Les Oscars de Buzz et Woody
En direct, devant des millions de téléspéctateurs, les deux jouets déposés sur le pupitre par le jeune réalisateur, vont s’animer et montrer au monde que le règne Pixar sur l’animation en image de synthèse ne fait que commencer.25 mars 1996, ABC
Si lors de cette soixante-huitième cérémonie des Oscars au Dorothy Chandler Pavillon, Downtown Los Angeles, c’est John Lasseter qui reçoit un Oscar « Pour une contribution spéciale », Buzz et Woody sont les vrais récipiendaires de la statuette et du message que sa remise envoya ce soir-là. Récompensé pour le pas gigantesque que représenta à l’époque la sortie (et le succès) du premier long métrage de Pixar, Lasseter et ses équipes préféreront laisser la parole à leurs deux héros.

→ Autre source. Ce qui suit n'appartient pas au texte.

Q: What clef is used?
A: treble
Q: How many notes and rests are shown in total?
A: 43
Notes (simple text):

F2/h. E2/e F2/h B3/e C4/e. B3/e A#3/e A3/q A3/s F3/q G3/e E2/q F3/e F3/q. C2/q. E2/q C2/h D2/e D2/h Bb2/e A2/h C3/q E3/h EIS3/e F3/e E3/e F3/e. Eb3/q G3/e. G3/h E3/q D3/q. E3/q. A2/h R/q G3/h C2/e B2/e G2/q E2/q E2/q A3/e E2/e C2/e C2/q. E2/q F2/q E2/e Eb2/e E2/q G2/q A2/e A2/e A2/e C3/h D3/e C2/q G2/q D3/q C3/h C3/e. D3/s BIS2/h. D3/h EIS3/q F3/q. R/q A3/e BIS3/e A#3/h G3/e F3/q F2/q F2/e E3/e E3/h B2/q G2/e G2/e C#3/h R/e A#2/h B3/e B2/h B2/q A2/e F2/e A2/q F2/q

En direct, devant des millions de téléspéctateurs, les deux jouets déposés sur le pupitre par le jeune réalisateur, vont s’animer et montrer au monde que le règne Pixar sur l’animation en image de synthèse ne fait que commencer. La cérémonie annuelle reste à ce jour la fenêtre incontournable sur les gens qui comptent le plus dans l’industrie du cinéma américain. Un événement télévisé qui maintenant la vitalité et étale autant qu’il préserve la force d’un secteur ennemi, le cinéma. Si aujourd’hui le revenu des studios dépend avant tout de la télévision, le cinéma reste l’industrie d’excellence des médias américains, sa vitrine de divertissement haut de gamme, l’atout maître grâce auquel sa culture dicte toujours les règles du jeu. L’effet produit du côté des professionnels est de distinguer les tendances et anticiper sur les moeurs et modes futures.

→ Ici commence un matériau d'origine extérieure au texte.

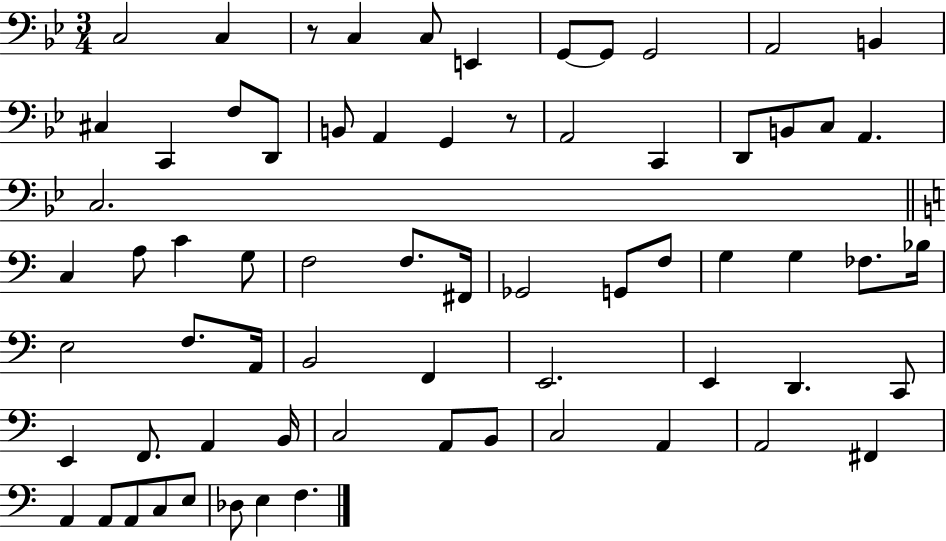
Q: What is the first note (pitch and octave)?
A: C3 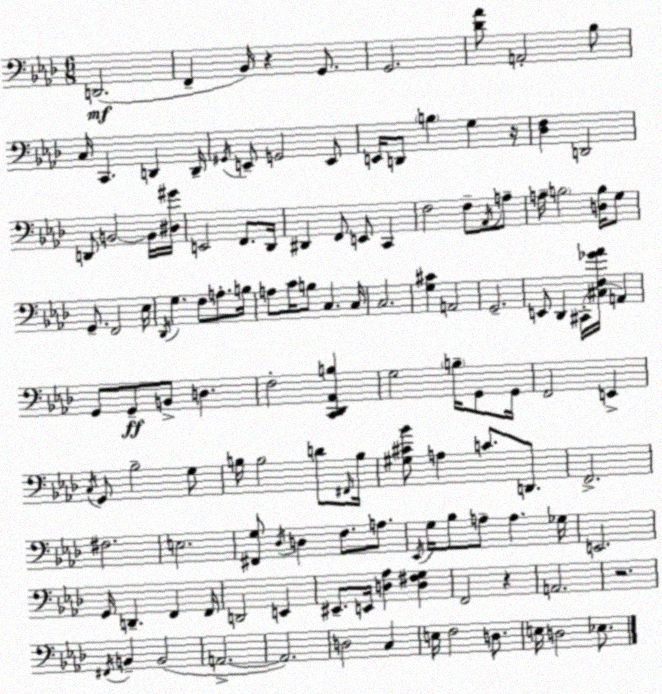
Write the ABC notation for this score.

X:1
T:Untitled
M:6/8
L:1/4
K:Fm
D,,2 F,, _B,,/4 z G,,/2 G,,2 [_D_A]/2 A,,2 _B,/2 C,/4 C,, D,, D,,/4 ^G,,/4 E,,/2 G,,2 E,,/2 E,,/4 D,,/2 B, G, z/4 [_D,F,] D,,2 D,,/2 B,,2 B,,/4 [^D,^G]/4 E,,2 F,,/2 _D,,/4 ^D,, F,,/2 E,,/2 C,, F,2 F,/2 _A,,/4 A,/2 A,/4 B,2 [D,B,]/4 G,/2 G,,/2 F,,2 _E,/4 _D,,/4 G, F,/2 A,/2 B,/4 A,/2 C/4 B,/2 C, C,/4 C,2 [G,^C] A,,2 G,,2 E,,/2 _D,, ^C,,/4 [^C,F,_G_A]/4 A,, G,,/2 G,,/2 B,,/2 D, F,2 [C,,_D,,_A,,B,] G,2 B,/4 G,,/2 G,,/4 F,,2 E,, C,/4 G,,/2 _B,2 G,/2 B,/4 B,2 D/2 ^F,,/4 B,/4 [^G,^C_B]/2 A, C/2 D,,/2 F,,2 ^F,2 E,2 [^F,,G,]/2 _D,/4 D, F,/2 A,/2 _E,,/4 G,/4 _B,/2 A,/2 A, _G,/4 E,,2 G,,/4 D,, F,, F,,/4 D,,2 E,, ^E,,/2 E,,/4 [D,_A,] [D,^F,G,] F,,2 z A,,2 z2 ^F,,/4 B,, B,,2 A,,2 A,,2 D,2 C, E,/4 F,2 D,/2 E,/4 D,2 _E,/2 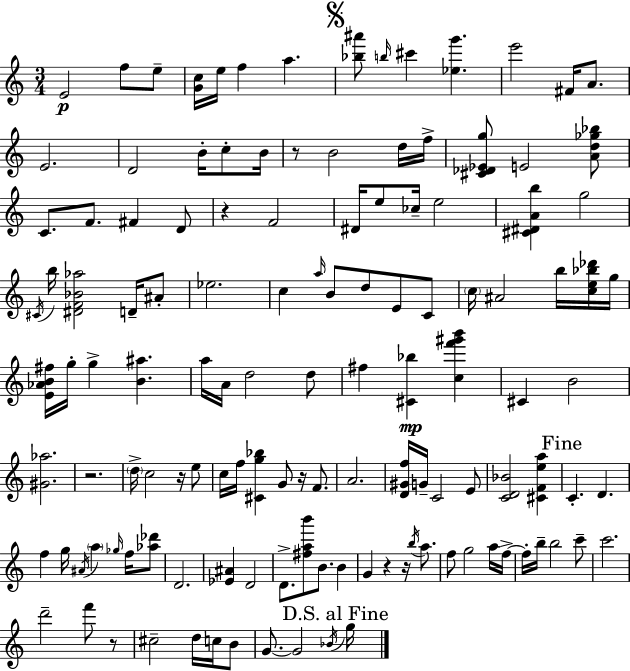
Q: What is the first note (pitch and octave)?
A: E4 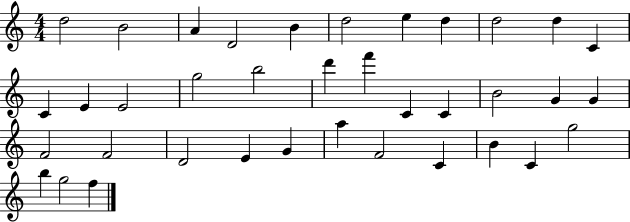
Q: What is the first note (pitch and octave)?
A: D5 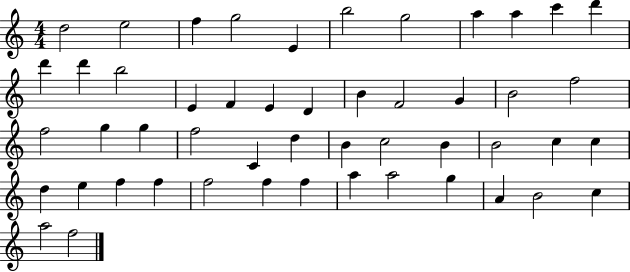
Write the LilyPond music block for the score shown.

{
  \clef treble
  \numericTimeSignature
  \time 4/4
  \key c \major
  d''2 e''2 | f''4 g''2 e'4 | b''2 g''2 | a''4 a''4 c'''4 d'''4 | \break d'''4 d'''4 b''2 | e'4 f'4 e'4 d'4 | b'4 f'2 g'4 | b'2 f''2 | \break f''2 g''4 g''4 | f''2 c'4 d''4 | b'4 c''2 b'4 | b'2 c''4 c''4 | \break d''4 e''4 f''4 f''4 | f''2 f''4 f''4 | a''4 a''2 g''4 | a'4 b'2 c''4 | \break a''2 f''2 | \bar "|."
} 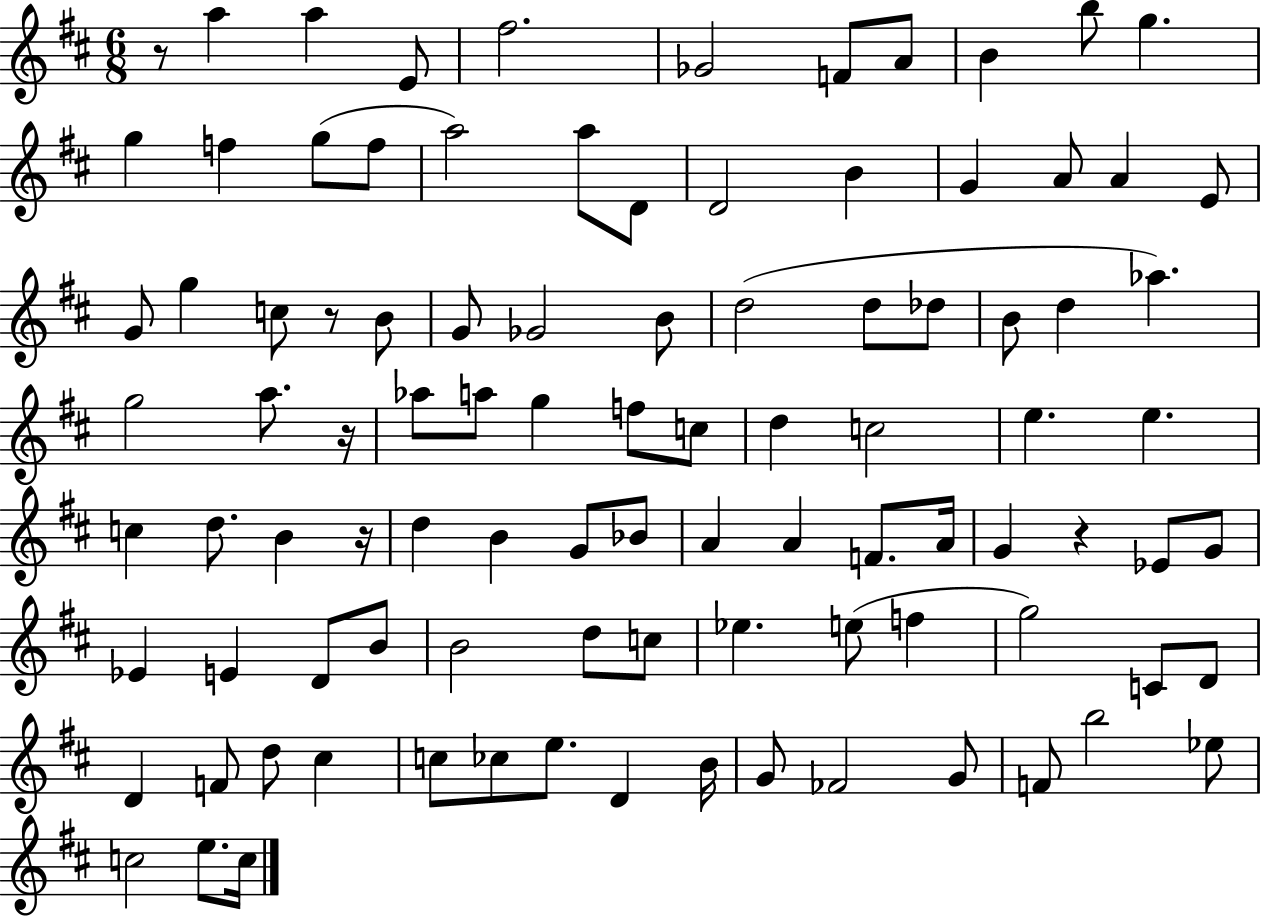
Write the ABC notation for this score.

Pixar fut donc invité à étaler ses prouesses, une grosse poignée de seconde, effort suffisant lorsque l’ont sait à l’époque le travail que devaient fournir les animateurs pour livrer un tel résultat, sous la loupe des plus puissant dirigeants de l’époque. Ces quelques instants désormais mythiques, pendant lesquelles Tom Hanks et Tim Allen s’amusaient à rejouer leur complexe complicité et rappeler l’humain derrière la machine, nous disent l’immense croisade que le studio californien a livré pour rester aujourd’hui, après plusieurs secousses inquiétantes, le numéro un dans sa catégorie.

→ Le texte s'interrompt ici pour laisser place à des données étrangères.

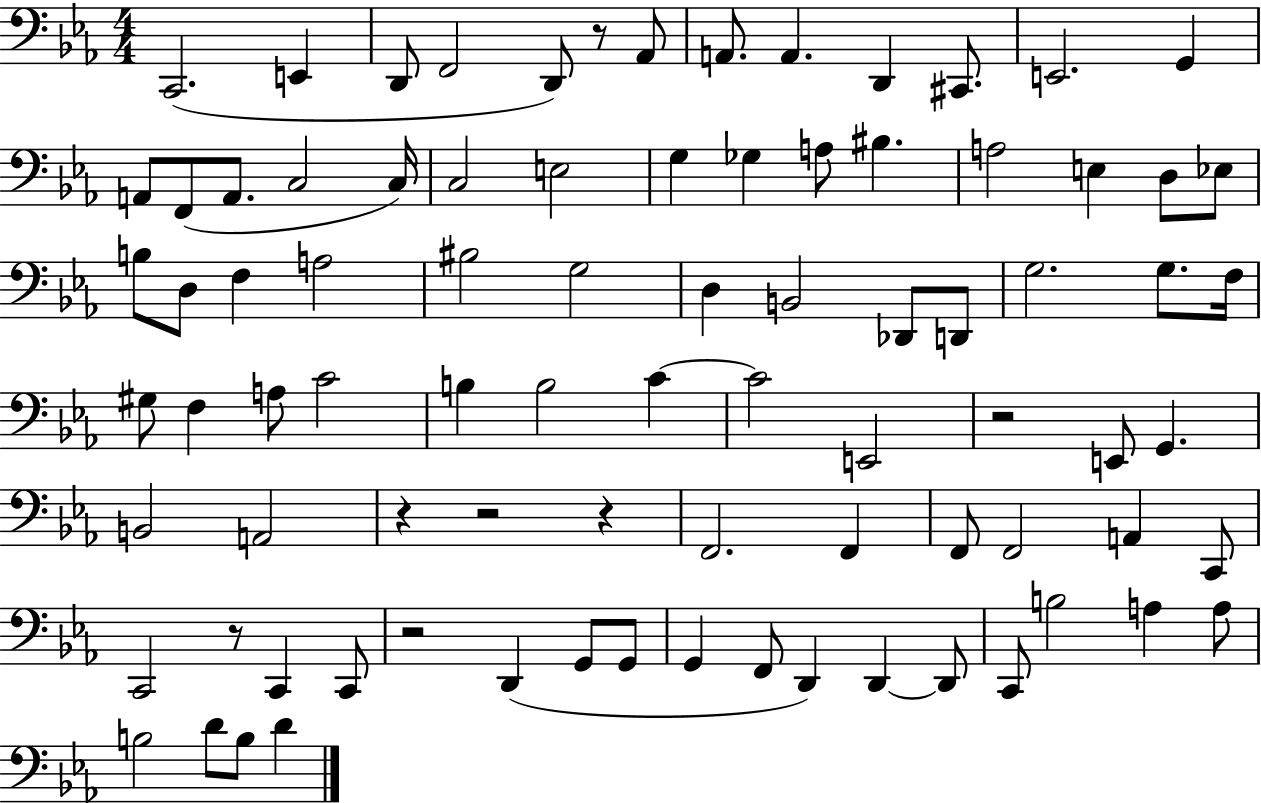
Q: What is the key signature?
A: EES major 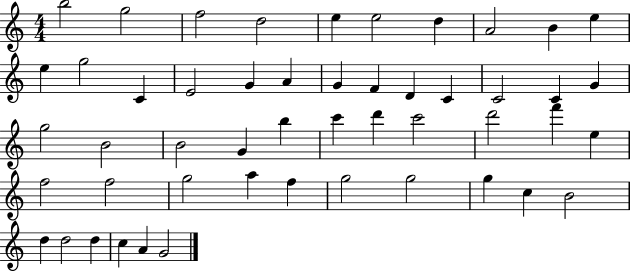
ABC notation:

X:1
T:Untitled
M:4/4
L:1/4
K:C
b2 g2 f2 d2 e e2 d A2 B e e g2 C E2 G A G F D C C2 C G g2 B2 B2 G b c' d' c'2 d'2 f' e f2 f2 g2 a f g2 g2 g c B2 d d2 d c A G2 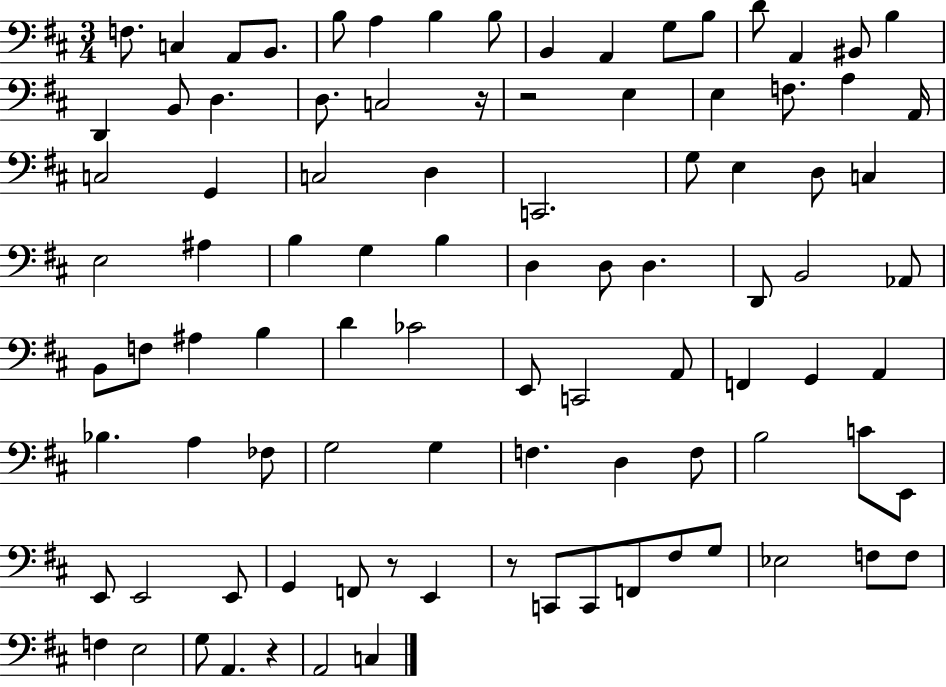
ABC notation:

X:1
T:Untitled
M:3/4
L:1/4
K:D
F,/2 C, A,,/2 B,,/2 B,/2 A, B, B,/2 B,, A,, G,/2 B,/2 D/2 A,, ^B,,/2 B, D,, B,,/2 D, D,/2 C,2 z/4 z2 E, E, F,/2 A, A,,/4 C,2 G,, C,2 D, C,,2 G,/2 E, D,/2 C, E,2 ^A, B, G, B, D, D,/2 D, D,,/2 B,,2 _A,,/2 B,,/2 F,/2 ^A, B, D _C2 E,,/2 C,,2 A,,/2 F,, G,, A,, _B, A, _F,/2 G,2 G, F, D, F,/2 B,2 C/2 E,,/2 E,,/2 E,,2 E,,/2 G,, F,,/2 z/2 E,, z/2 C,,/2 C,,/2 F,,/2 ^F,/2 G,/2 _E,2 F,/2 F,/2 F, E,2 G,/2 A,, z A,,2 C,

Revenons à ce soir de mars 1996, le 25 précisément. Whoopie Goldberg était (évidemment) la maîtresse de cérémonie idoine pour le job. Car passer derrière une image qui n’existe pas, en direct, avec comme simple filet de sécurité le montage malin de la séquence, n’est pas un exercice facile. Comprendre trop compliqué pour James Franco et Anne Hathaway par exemple. Ironiquement, tous les moguls présents ou attentifs ce soir là, récurent un message invisible depuis les fauteuils de la salle. Pixar a besoin de zéros et de uns pour exister, mais en 1996 ce concept était encore trop lointain pour l’arrière-garde. Et alors que Mel Gibson raflera, dans une ambiance de liesse, les Oscars du meilleur réalisateur et meilleur film (Heat et Seven n’étaient pas nominés, rappelons-le) que Sharon Stone laissera Susan Sarandon filer avec la statuette de la meilleure actrice, que Nic Cage pourra mettre un terme à la partie sérieuse de sa carrière grâce à son prix dans Leaving Las Vegas, c’est John Lasseter qui gravera en mondovision l’instant historique de la cérémonie.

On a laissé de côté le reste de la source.